Moll-Septakkord mit #5
m7#5
0 - 3 - 8 - 10Minor + augmented 5th + minor 7th
Über Moll-Septakkord mit #5
Der Mollseptakkord mit erhöhter Quinte hebt die Quinte eines Mollseptakkords um einen Halbton an: über C sind das c, es, gis und b, geschrieben Cm7#5. Als Symbol ist er selten, als Klang häufig — dieselben vier Töne ergeben einen Add-9-Akkord eine große Terz tiefer, und über diesen Weg kommen die meisten zu ihm.
Töne und Aufbau
Die Formel lautet 1 – b3 – #5 – b7, in Halbtönen 0 – 3 – 8 – 10. Die erhöhte Quinte entspricht der kleinen Sexte, und über einem Molldreiklang bleibt dadurch kein stabiler Bezugspunkt übrig.
Ordnet man die Töne mit as im Bass, ergibt sich as, c, es und b — also Asadd9. Das Ohr wählt meist diese konsonantere Lesart, solange der Bass nicht auf c beharrt.
Griffe
Auf der Gitarre ist der praktische Weg, die Form von Asadd9 mit c im Bass zu greifen. Die direkte Figur — x-3-1-1-x-x mit der Septime auf einer hohen Saite — ist unbequem und selten in Gebrauch.

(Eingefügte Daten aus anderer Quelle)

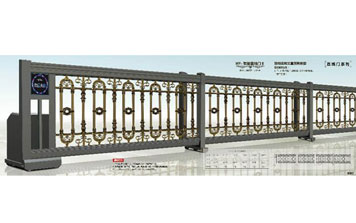 分段平移門 - 分段直線門-CXLY-0023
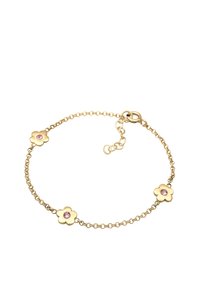 Elli FLOWERS - Apyrankė - gold-coloured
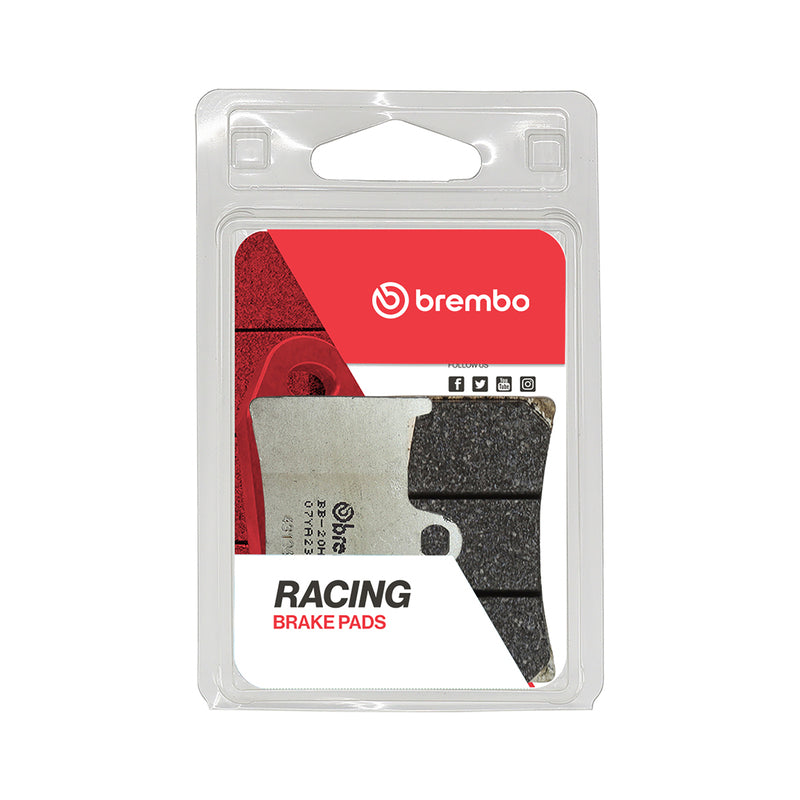 Yamaha Race [BREMBO] – Carbon kerámia versenyfékbetétek – 07YA23RC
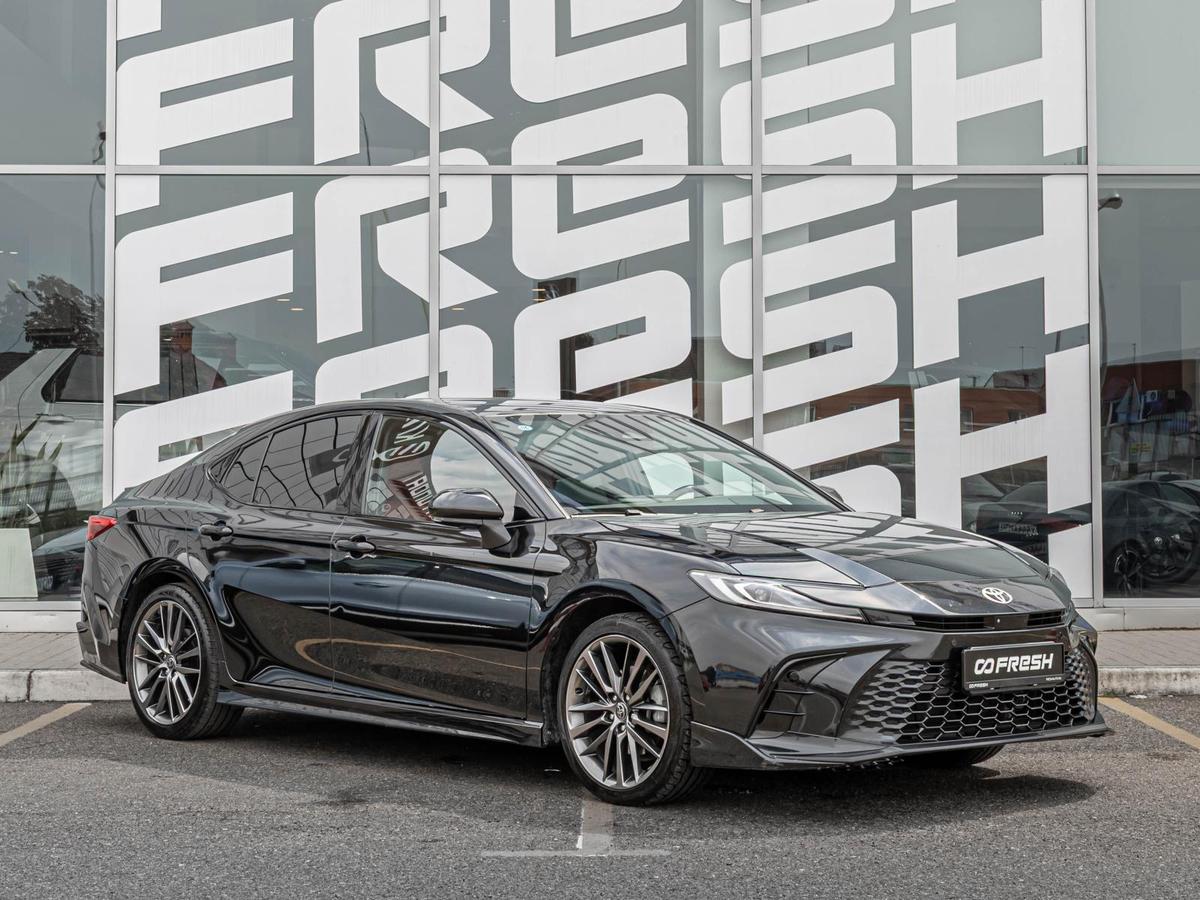 Седан Toyota Camry 2024 года, 3725000 рублей, Краснодар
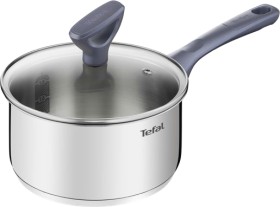 Tefal-Daily-Cook-Induction-Stainless-Steel-Saucepan-16cm-15-Litre-with-Lid on sale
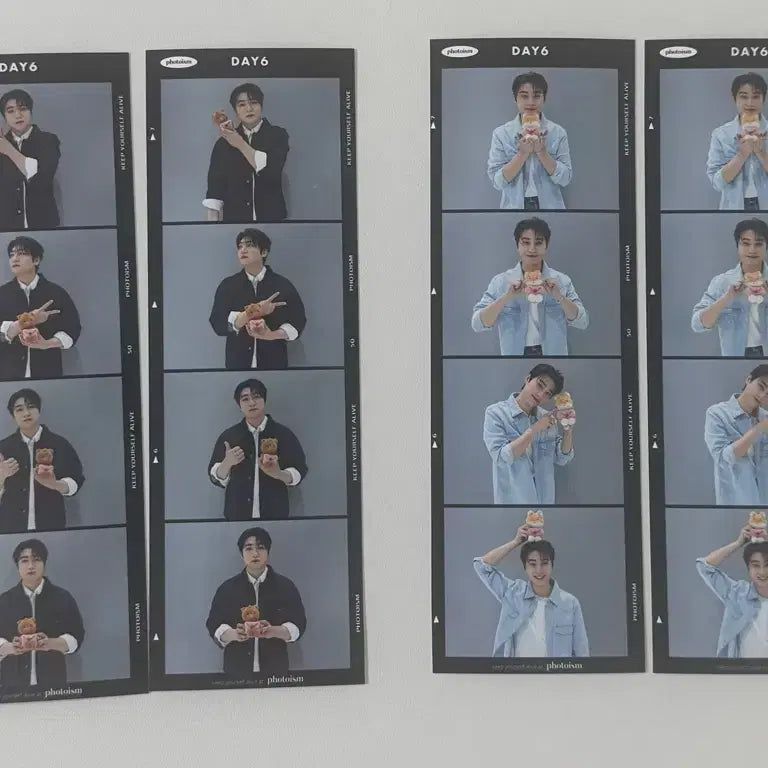 [BUNJANG] DAY6 Snappyism Photocard Set / 데이식스 스내피즘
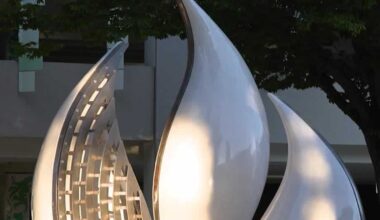 Explore Outdoors: Sac State sculpture illuminates the eyes and mind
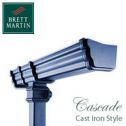 Cascade 106mm Prostyle Gutter & Fittings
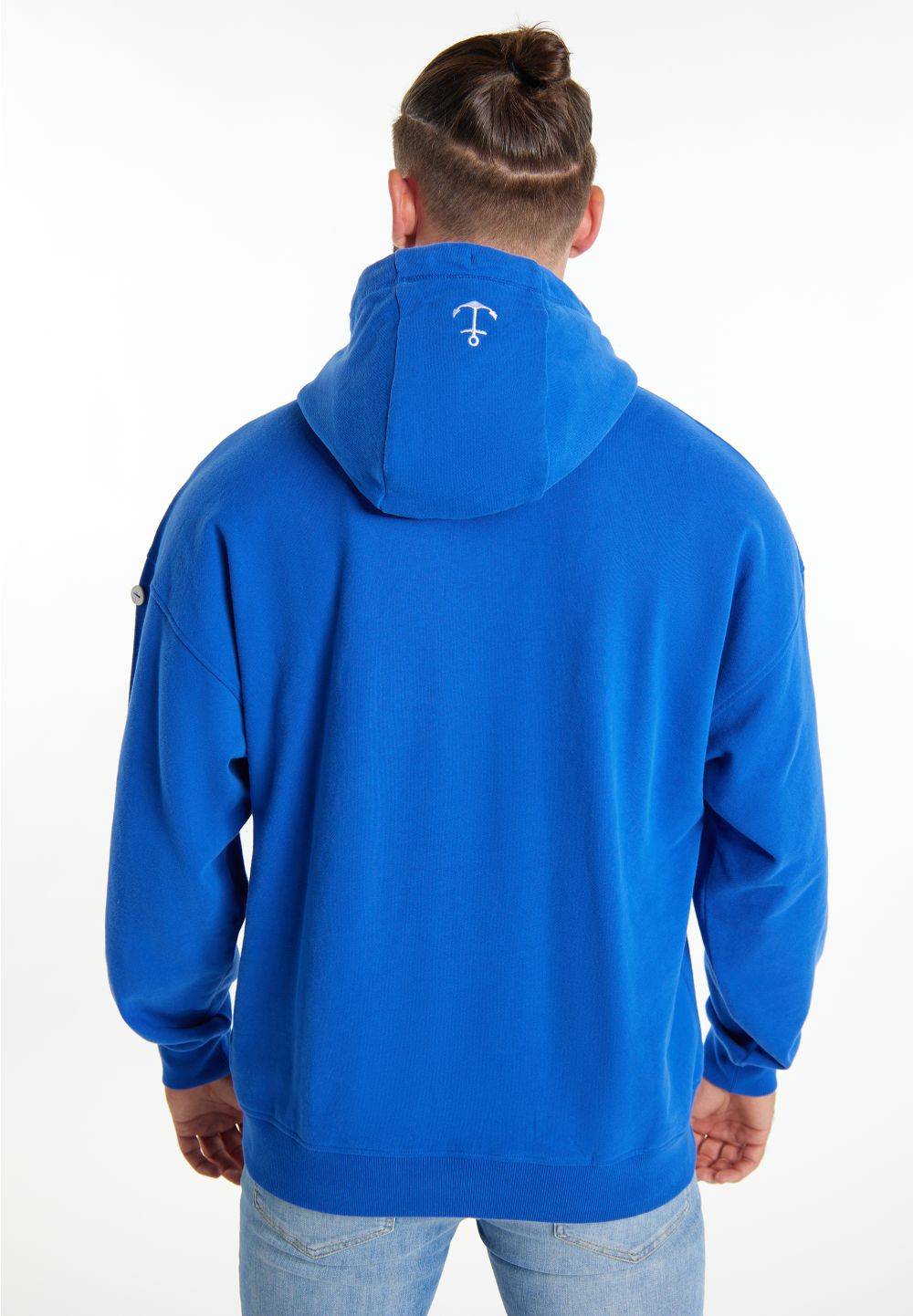 Schmuddelwedda DreiMaster Maritim Relaxed Hoodie Günstiger Verkauf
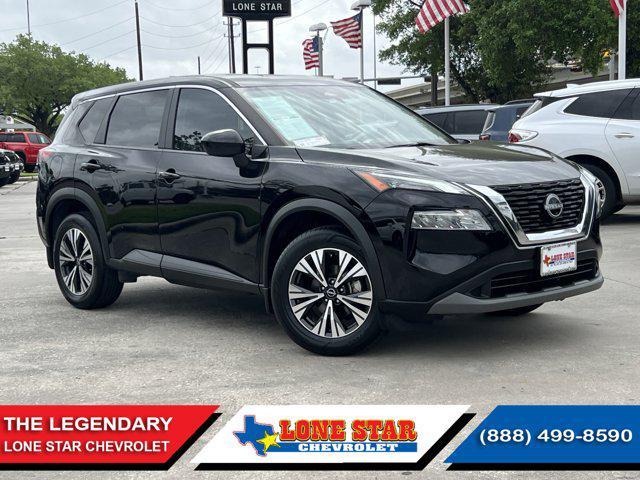 used 2023 Nissan Rogue car, priced at $22,999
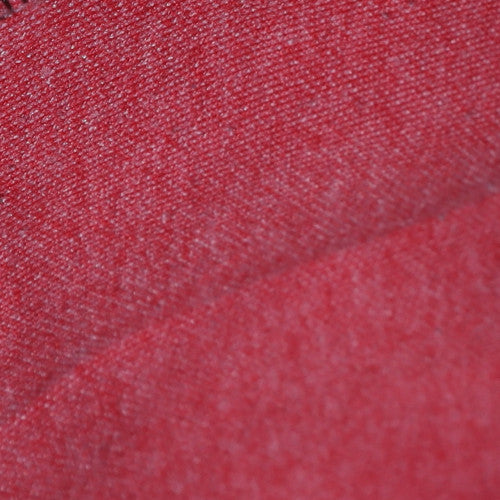 Mens UK Size M Nike Red Full Zip Hoodie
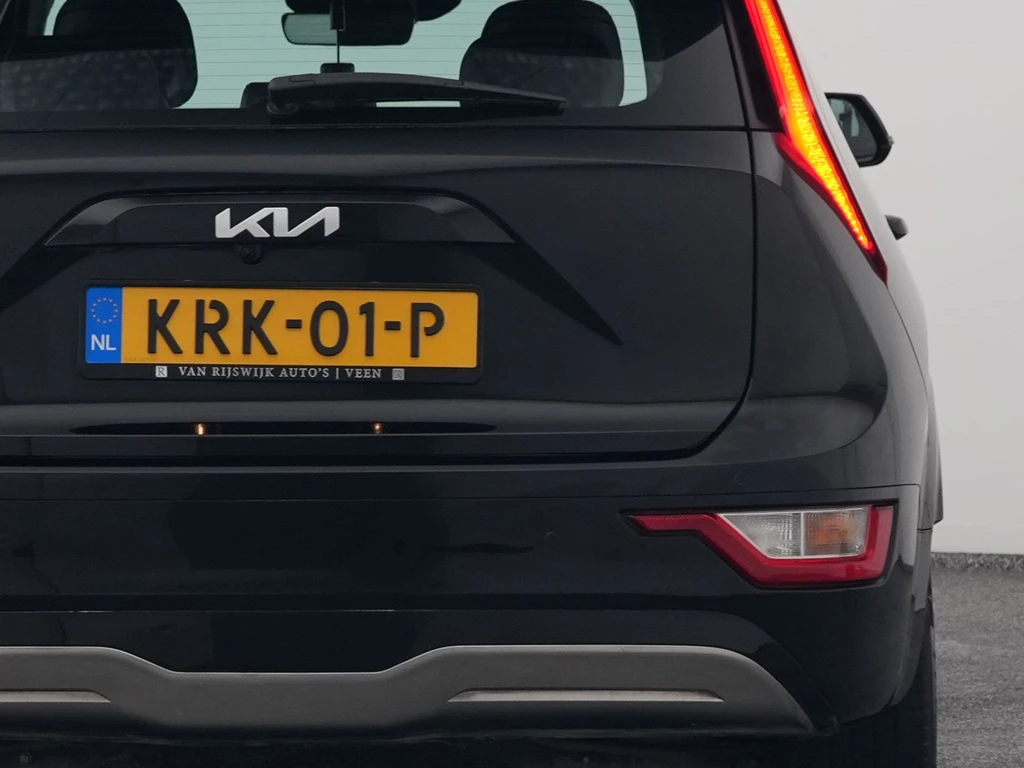 Kia Niro EV – foto 9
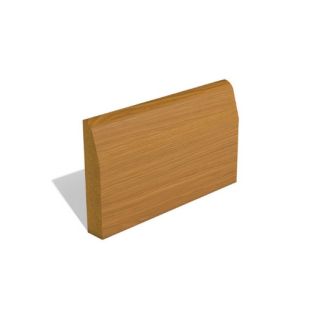 Chamfered And Rounded Architrave 50mm x 19mm (Priced per Metre)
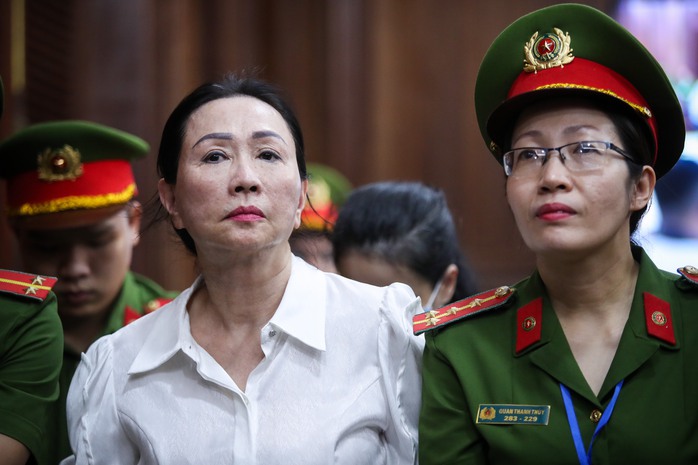 Vụ án Vạn Thịnh Phát: Chồng bà Trương Mỹ Lan và Công ty Quốc Cường Gia Lai kháng cáo- Ảnh 1. Vụ án Vạn Thịnh Phát: Chồng bà Trương Mỹ Lan và Công ty Quốc Cường Gia Lai kháng cáo- Ảnh 1.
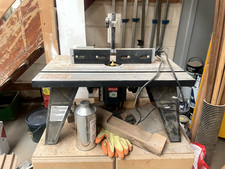 Ryobi router table for sale  STOCKTON-ON-TEES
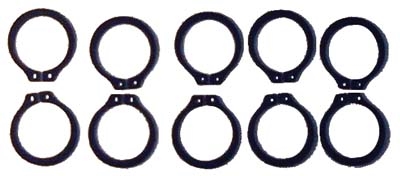 Club Car DS - Steering Snap Ring (1984-up)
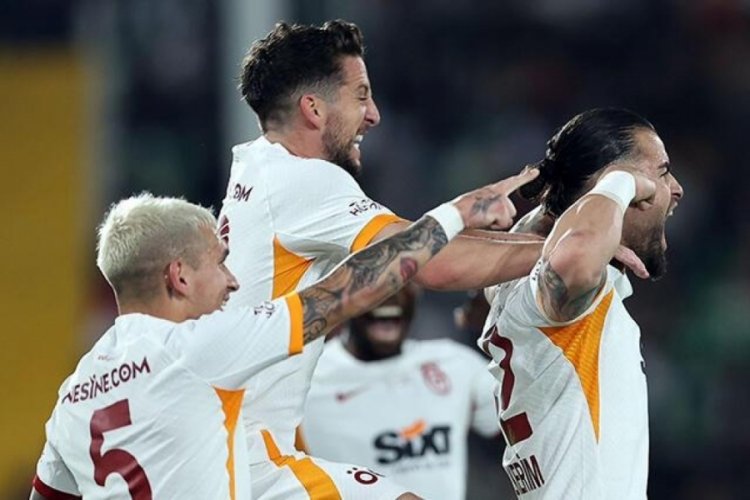Galatasaray 5 hafta İstanbul'da
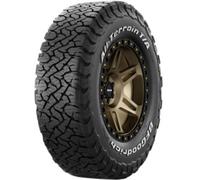 Bfgoodrich 255/70 R 17 116S All Terrain T/A Ko3 Tl M+S 3Pmsf Ganzjahresreifen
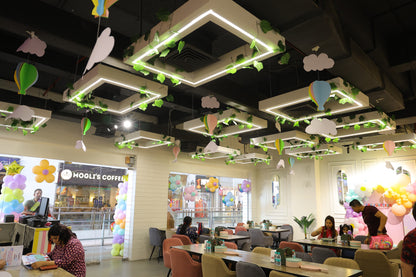 Fun Junction Indoor Play Area | Sector 28 Gurgaon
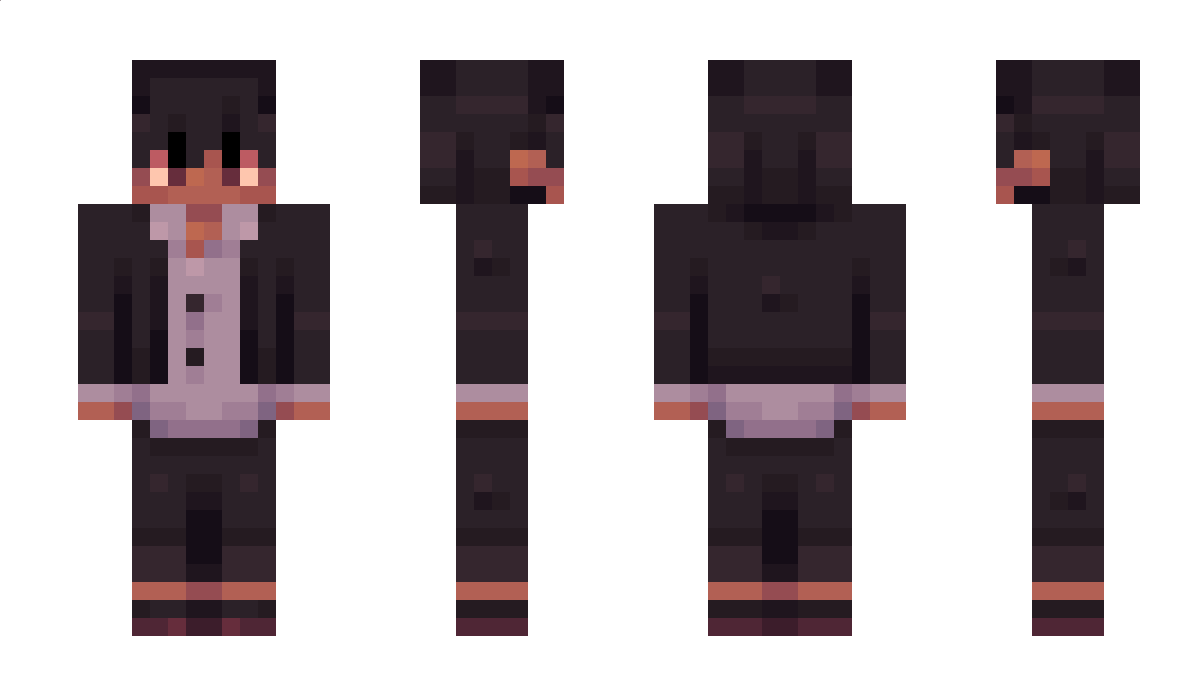 MxriGamar Minecraft Skin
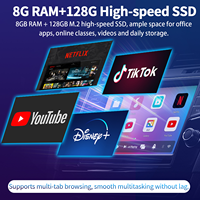 Venta al por Mayor al Mejor Precio, Laptop para Juegos con Pantalla Táctil de 15.6 Pulgadas, N95, 8GB, 32GB, 16GB de RAM, 128GB, 256GB, 512GB, 1TB SSD, Notebook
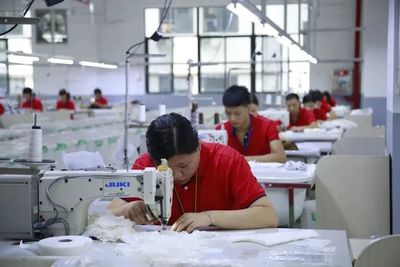 承包世界70%女人的內衣,汕頭內衣廠感嘆:最大的能裝下籃球
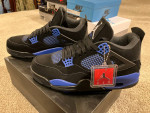 Air Jordan 4 Retro-Blue Thunder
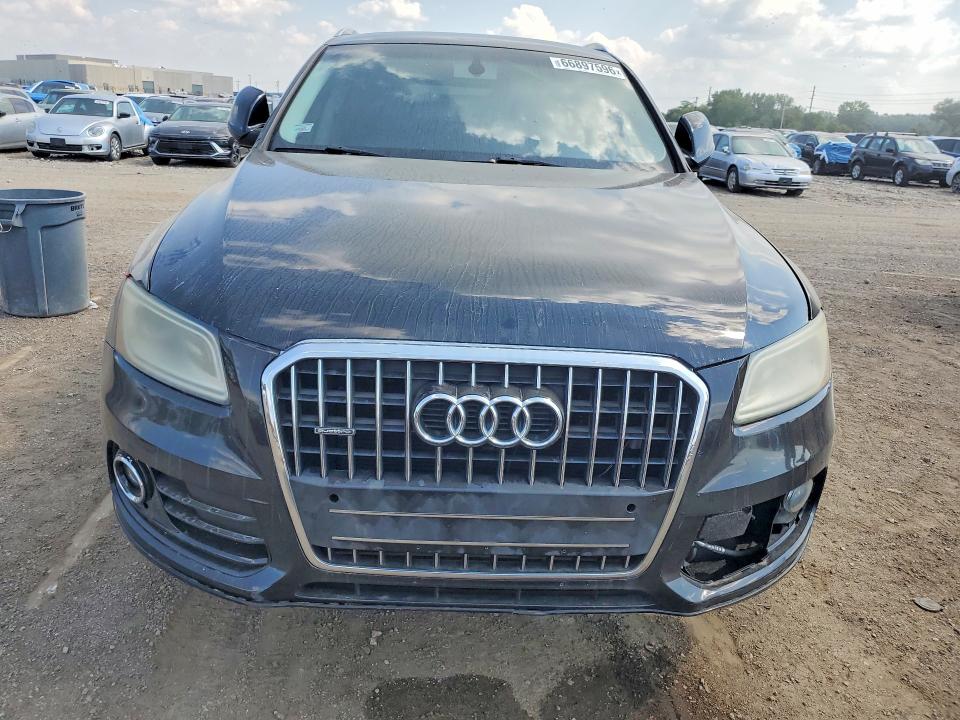 2013 Audi Q5 მანქანა იყიდება აუქციონზე, vin: WA1CFAFP2DA059566, აუქციონის ნომერი: 66897596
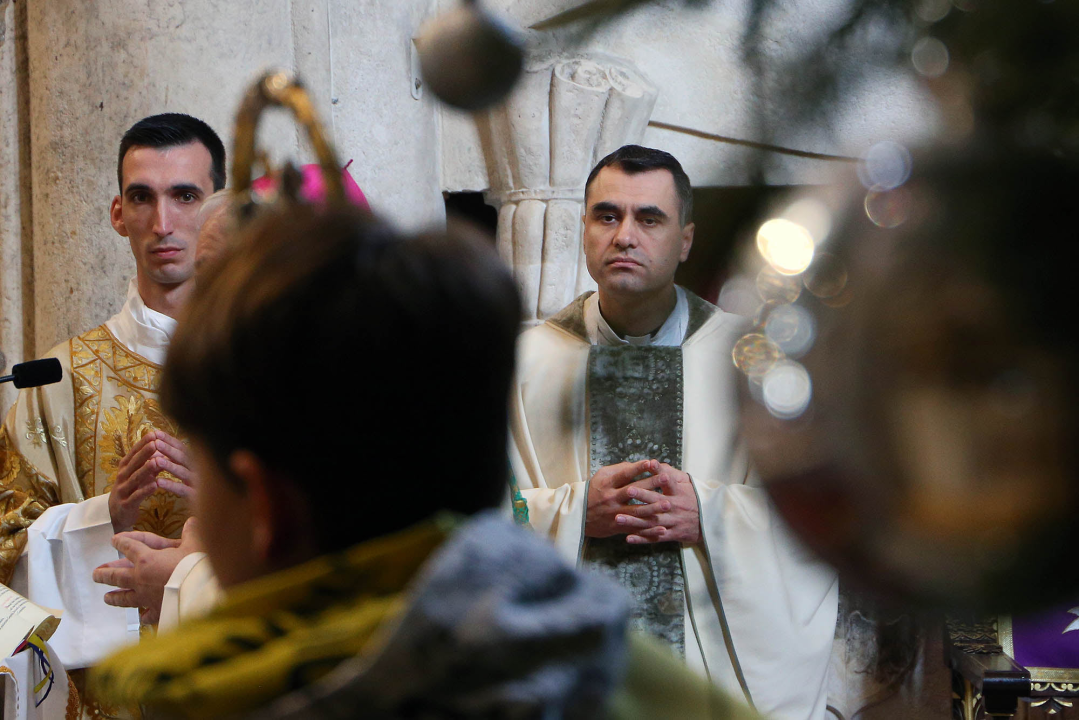 U šibenskoj katedrali svečana misa na blagdan Sveta tri kralja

Am Klavier bleibt der Grundton links, während rechts es, gis und b liegen. So bleibt die Lesart als Mollakkord erhalten und kippt nicht in den Durdreiklang darunter.
Wo er vorkommt
In Stimmführungen, in denen die Quinte eines Mollakkords chromatisch steigt, und in Harmonisierungen aus der melodischen Molltonleiter. Er ist ein Durchgang und fast nie ein Ziel.
In deutschen Griffschriften findet man ihn kaum. Notiert wird stattdessen der Dreiklang mit Schrägstrich — As/C —, weil das dasselbe aussagt und schneller zu lesen ist.
Wie man ihn erkennt
Die Probe ist der Bass. Mit c unten klingt der Akkord gespannt und ohne Halt; mit as unten klingen dieselben vier Töne wie ein bequemer Durklang.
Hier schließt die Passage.